Apart from the fact that it is the first feature film ever to be dedicated to the subject of “Adolf Hitler’s birthplace”, WER HAT ANGST VOR BRAUNAU? (WHO IS AFRAID OF HITLER’S TOWN?) is structurally based on three different basic dramaturgical ideas that correspond to the three phases that the five-year shoot went through: First, an almost classic documentary phase, in which I portrayed the stigmatized city and the positive conversion process; a second investigative phase, in which I examined the background that had led to the polemical change of mind regarding reuse; and finally, due to the stagnation of the conversion process, the development into a personal essay film, which led to an examination of memory culture and family memory. During this long process of development, it gradually became clear to me that the stigmatization of Hitler’s birthplace as a “brown city” and the institutional treatment of the birthplace ultimately results in an arguably undesirable but nevertheless apt metaphor for the failure to come to terms with our Austrian history of perpetrators and fellow travelers. For even though much has been done in our country in recent years for the victims of Nazi terror, there is no real coming to terms with our history of perpetrators. I do not mean the Nazi celebrities or the perpetrators of the extermination process. I am referring to the fact that the majority of us in Austria are descended from perpetrators, followers and sympathizers or those who were brought up in the Nazi state, and not from victims. Instead of looking into one’s own family history, the guilty are always sought and found outside. Thus Braunau undeservedly becomes a “brown (nazi) town” and is found guilty in the process. Thus an old house, in which the baby Adolf spent only a few months, is elevated to the status of the
“birthplace of evil,” from which a new façade is supposed to remove its poisonous attraction. I call this mechanism of displacement the stoked “fear of Braunau”. It is convenient, serves emotions and prejudices, and has as its object a small town that can hardly defend itself against it.

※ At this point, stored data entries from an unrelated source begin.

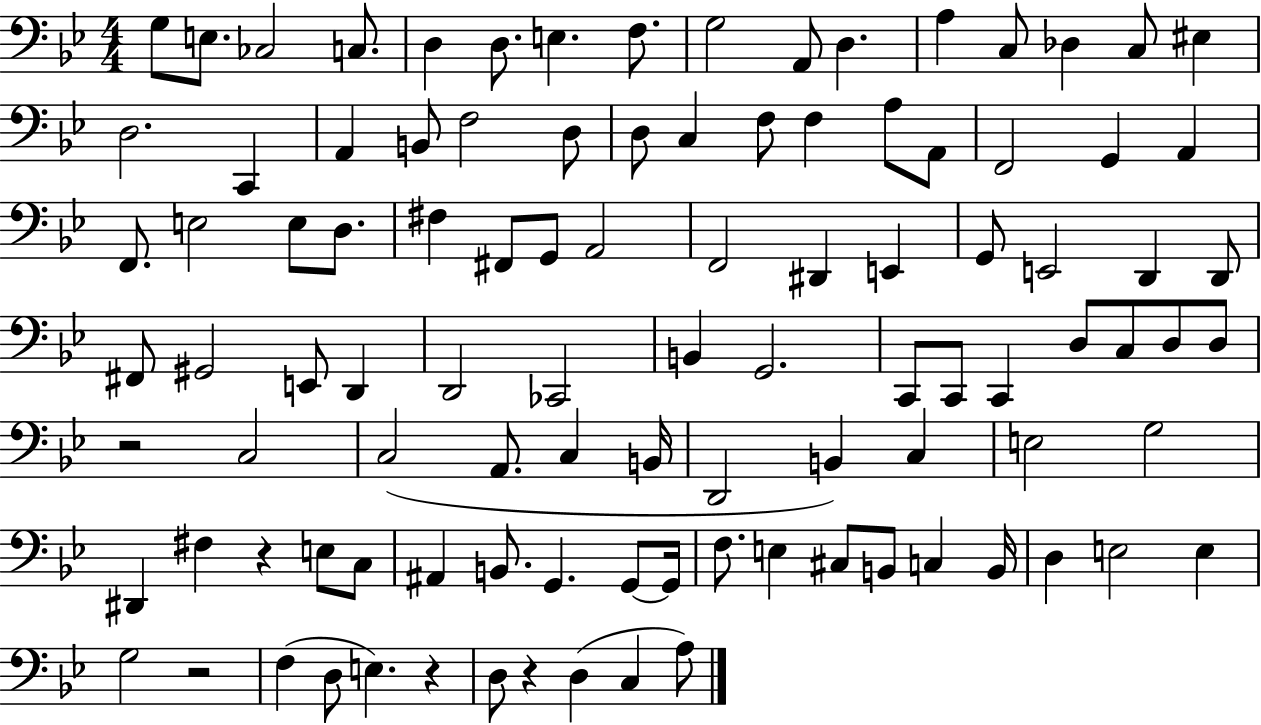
{
  \clef bass
  \numericTimeSignature
  \time 4/4
  \key bes \major
  g8 e8. ces2 c8. | d4 d8. e4. f8. | g2 a,8 d4. | a4 c8 des4 c8 eis4 | \break d2. c,4 | a,4 b,8 f2 d8 | d8 c4 f8 f4 a8 a,8 | f,2 g,4 a,4 | \break f,8. e2 e8 d8. | fis4 fis,8 g,8 a,2 | f,2 dis,4 e,4 | g,8 e,2 d,4 d,8 | \break fis,8 gis,2 e,8 d,4 | d,2 ces,2 | b,4 g,2. | c,8 c,8 c,4 d8 c8 d8 d8 | \break r2 c2 | c2( a,8. c4 b,16 | d,2 b,4) c4 | e2 g2 | \break dis,4 fis4 r4 e8 c8 | ais,4 b,8. g,4. g,8~~ g,16 | f8. e4 cis8 b,8 c4 b,16 | d4 e2 e4 | \break g2 r2 | f4( d8 e4.) r4 | d8 r4 d4( c4 a8) | \bar "|."
}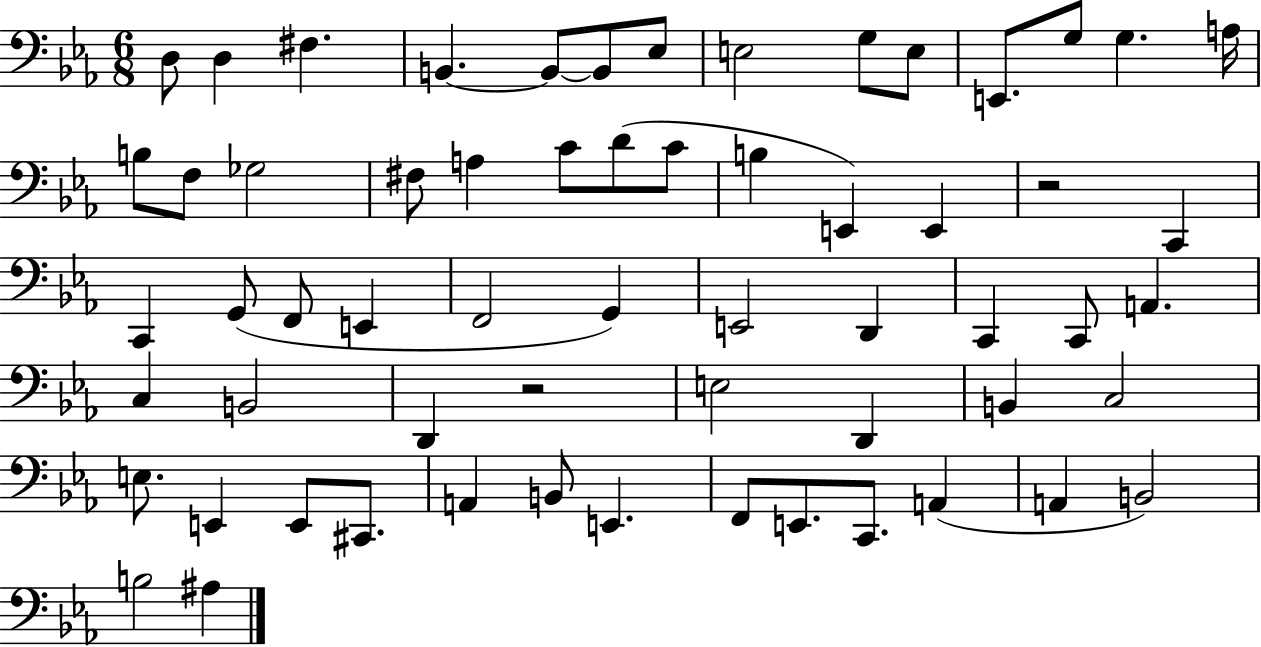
D3/e D3/q F#3/q. B2/q. B2/e B2/e Eb3/e E3/h G3/e E3/e E2/e. G3/e G3/q. A3/s B3/e F3/e Gb3/h F#3/e A3/q C4/e D4/e C4/e B3/q E2/q E2/q R/h C2/q C2/q G2/e F2/e E2/q F2/h G2/q E2/h D2/q C2/q C2/e A2/q. C3/q B2/h D2/q R/h E3/h D2/q B2/q C3/h E3/e. E2/q E2/e C#2/e. A2/q B2/e E2/q. F2/e E2/e. C2/e. A2/q A2/q B2/h B3/h A#3/q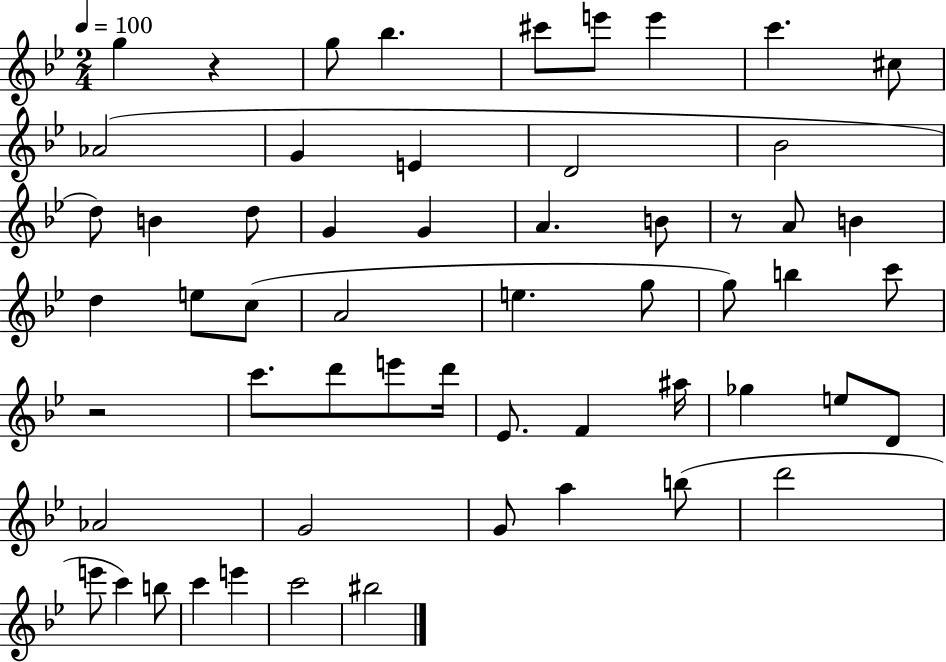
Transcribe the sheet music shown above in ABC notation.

X:1
T:Untitled
M:2/4
L:1/4
K:Bb
g z g/2 _b ^c'/2 e'/2 e' c' ^c/2 _A2 G E D2 _B2 d/2 B d/2 G G A B/2 z/2 A/2 B d e/2 c/2 A2 e g/2 g/2 b c'/2 z2 c'/2 d'/2 e'/2 d'/4 _E/2 F ^a/4 _g e/2 D/2 _A2 G2 G/2 a b/2 d'2 e'/2 c' b/2 c' e' c'2 ^b2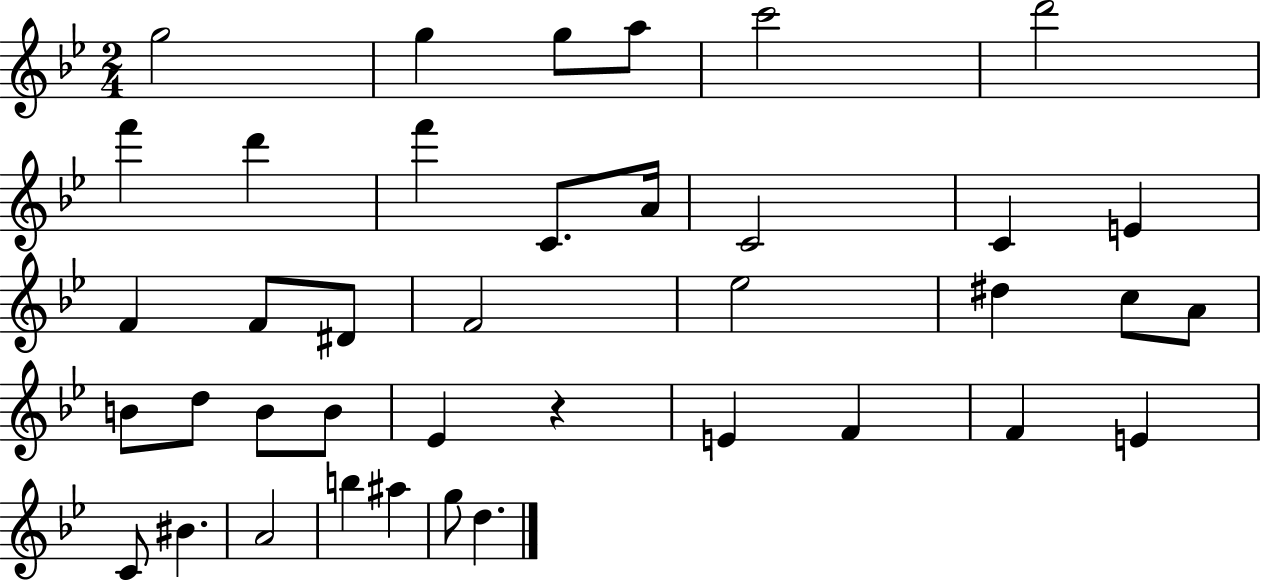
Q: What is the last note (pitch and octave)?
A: D5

However, this artificial fear does not help me as an Austrian. Quite the opposite. I no longer believe in an institutionally controlled view of history. For too long it has obscured the view of the true involvement of our ancestors in the Nazi regime. We must finally discover our history for ourselves and take on the responsibility that the people of Braunau, despite decades of experience, are not believed to have with regard to Hitler’s birthplace. Working on this film, I discovered for myself that a dialogue with one’s own family history, freed from external paternalism, can give hope and relief. Because it answers to questions and thereby makes orientation possible. Hidden in it is a great opportunity to make up on a small scale for what has been neglected on a large scale. That’s why I don’t see the film, despite all its intensity, as an indictment or a reckoning with the Austrians’ coming to terms with the perpetrators, but rather as an invitation to reflection that might do us all some good. What are we afraid of when we look back? What was our own family like during the Nazi era? What of it is still in us today? How can we come to terms with our family history of perpetrators and fellow travelers without always having to hide behind new facades? What can we learn from those few who acted differently and offered resistance?
A thorough reappraisal of history can never take place only on the surface and with clichéd projections. Nor should it be merely scientific, neither should it be directed from above nor replaced by symbols. Coming to terms with history means, above all, talking and listening.